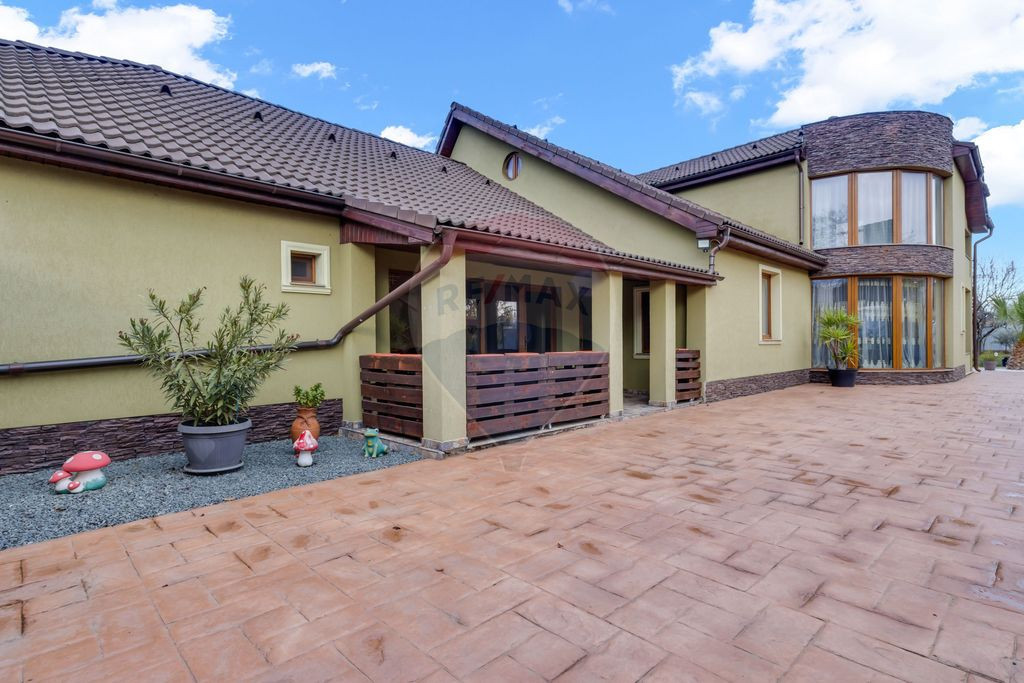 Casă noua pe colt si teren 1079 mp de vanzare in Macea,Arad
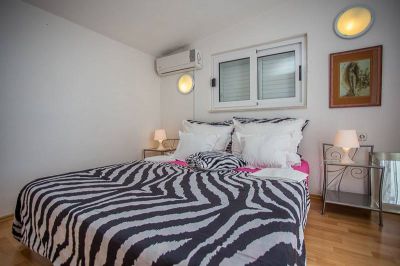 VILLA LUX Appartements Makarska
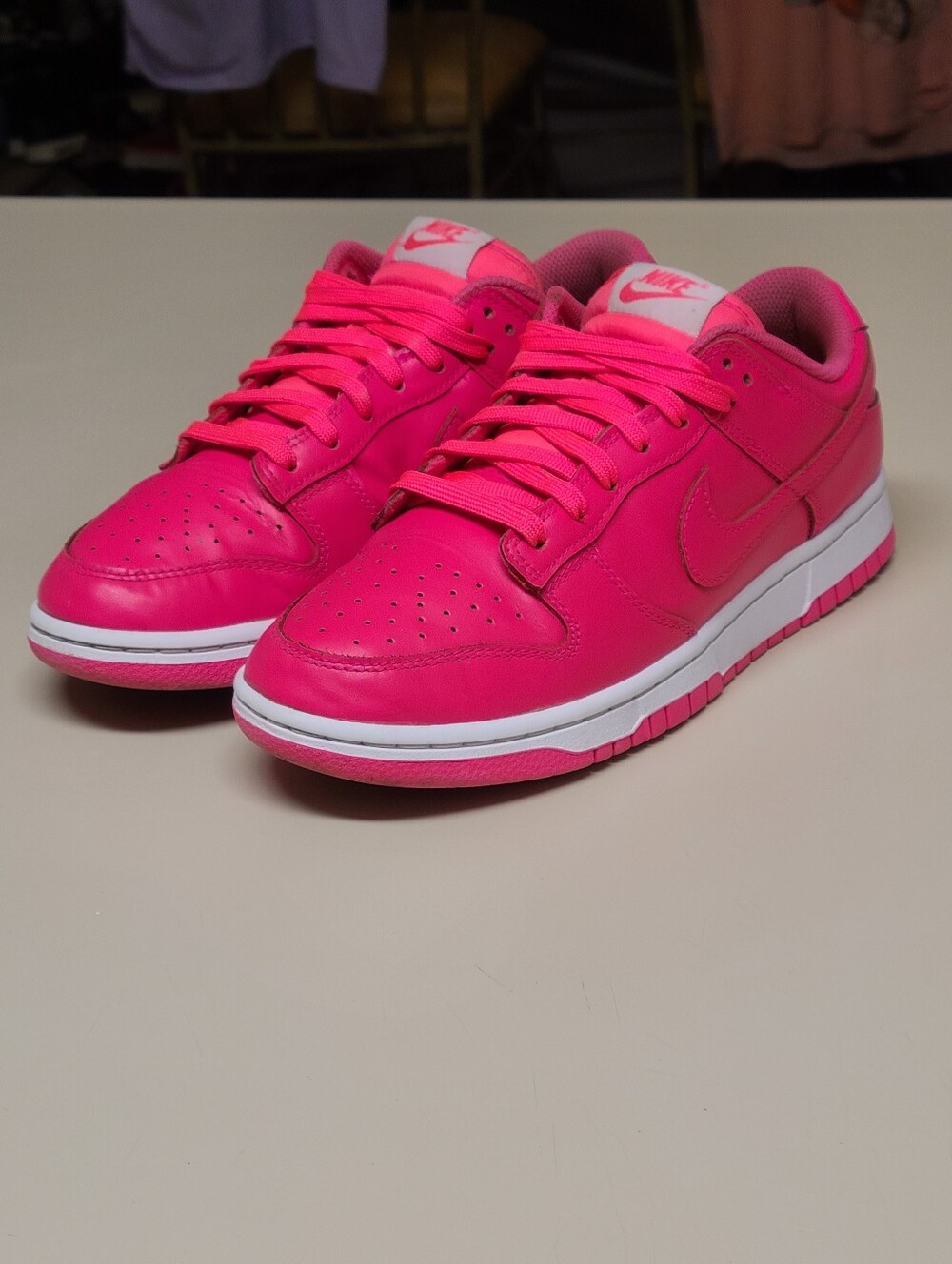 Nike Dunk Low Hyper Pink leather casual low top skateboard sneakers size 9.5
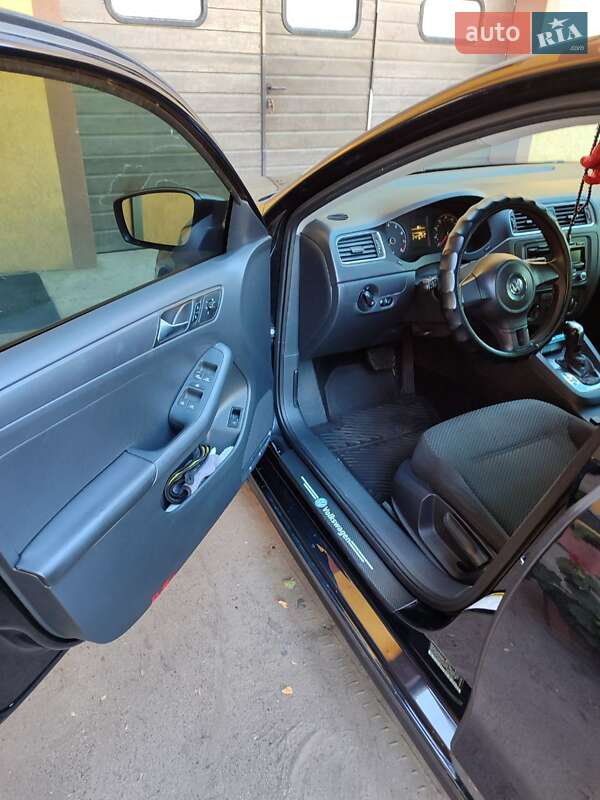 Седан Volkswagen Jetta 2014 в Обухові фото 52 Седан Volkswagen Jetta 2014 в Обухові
++++++++++++++++++++
## BRIEF:
Restate word for word the lines starting at the one that contains "VILLA LUX Appartements Makarska" and ending at the last line of the data. Skip every picture.

## RESPONSE FOR THIS EXERCISE:
 VILLA LUX Appartements Makarska
 Nike Dunk Low Hyper Pink leather casual low top skateboard sneakers size 9.5
 Седан Volkswagen Jetta 2014 в Обухові фото 52 Седан Volkswagen Jetta 2014 в Обухові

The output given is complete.